Recorded data
= = = =
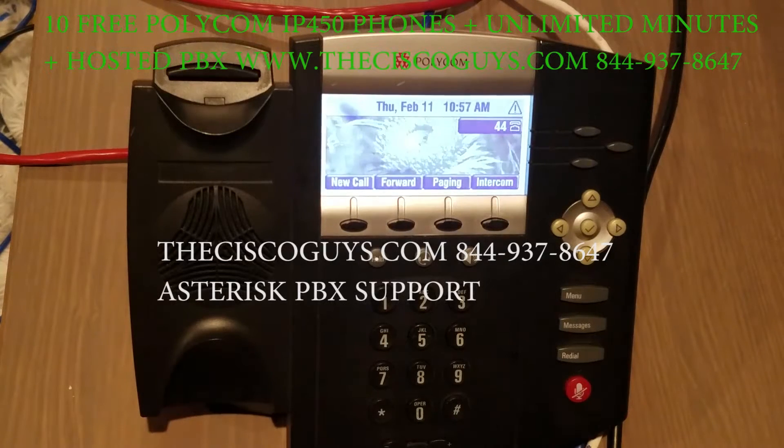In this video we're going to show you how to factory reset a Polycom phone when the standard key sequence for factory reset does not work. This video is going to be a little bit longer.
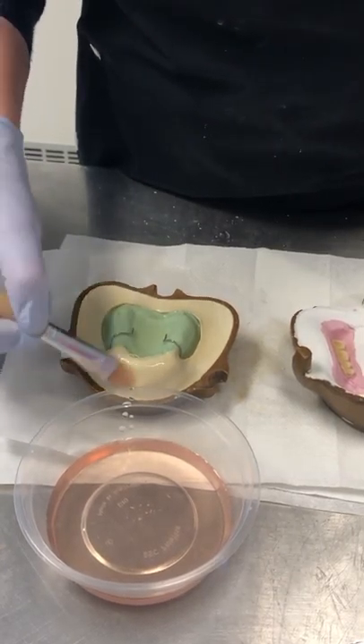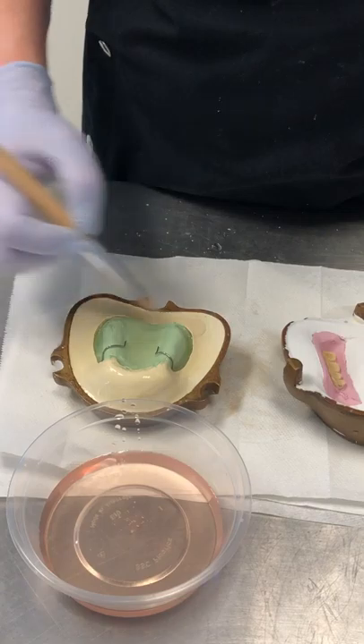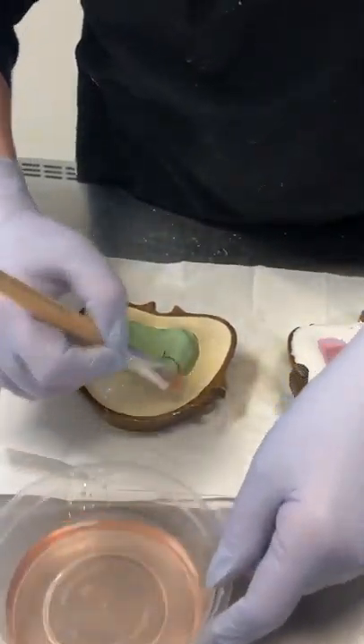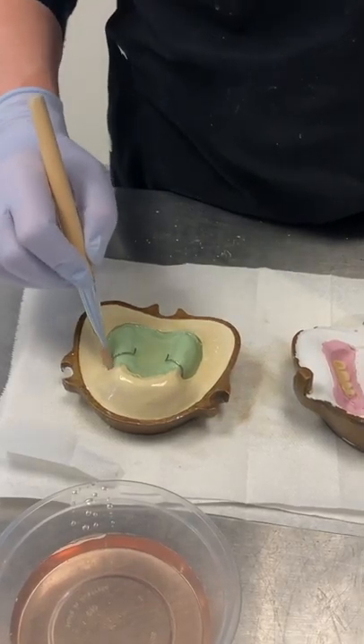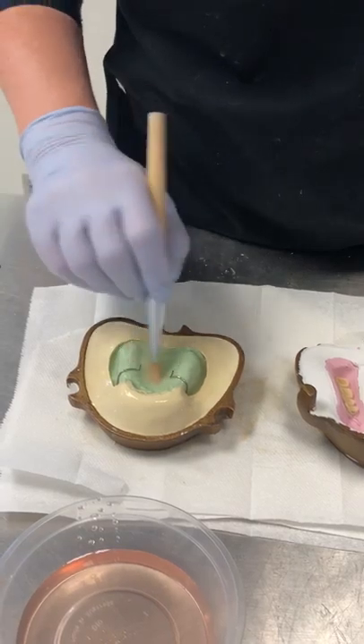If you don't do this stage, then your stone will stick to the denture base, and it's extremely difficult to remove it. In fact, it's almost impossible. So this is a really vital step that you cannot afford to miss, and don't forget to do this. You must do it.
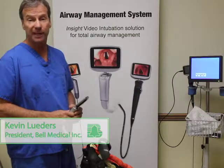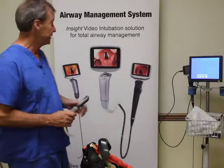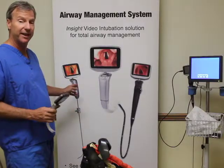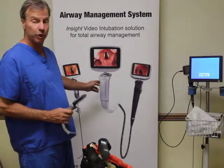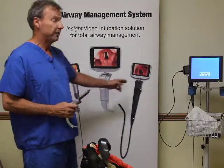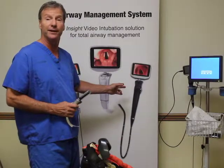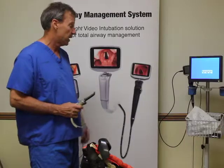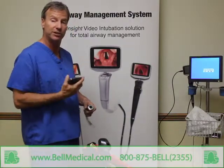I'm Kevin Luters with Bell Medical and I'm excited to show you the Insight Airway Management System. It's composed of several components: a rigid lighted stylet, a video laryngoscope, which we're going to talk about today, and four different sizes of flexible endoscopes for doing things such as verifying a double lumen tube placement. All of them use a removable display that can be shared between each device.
= = = =
What needs to be done
From the line containing "If you don't" down to the final line of the material above, reproduce each line exactly and include no images.

Response below
If you don't do this stage, then your stone will stick to the denture base, and it's extremely difficult to remove it. In fact, it's almost impossible. So this is a really vital step that you cannot afford to miss, and don't forget to do this. You must do it.
I'm Kevin Luters with Bell Medical and I'm excited to show you the Insight Airway Management System. It's composed of several components: a rigid lighted stylet, a video laryngoscope, which we're going to talk about today, and four different sizes of flexible endoscopes for doing things such as verifying a double lumen tube placement. All of them use a removable display that can be shared between each device.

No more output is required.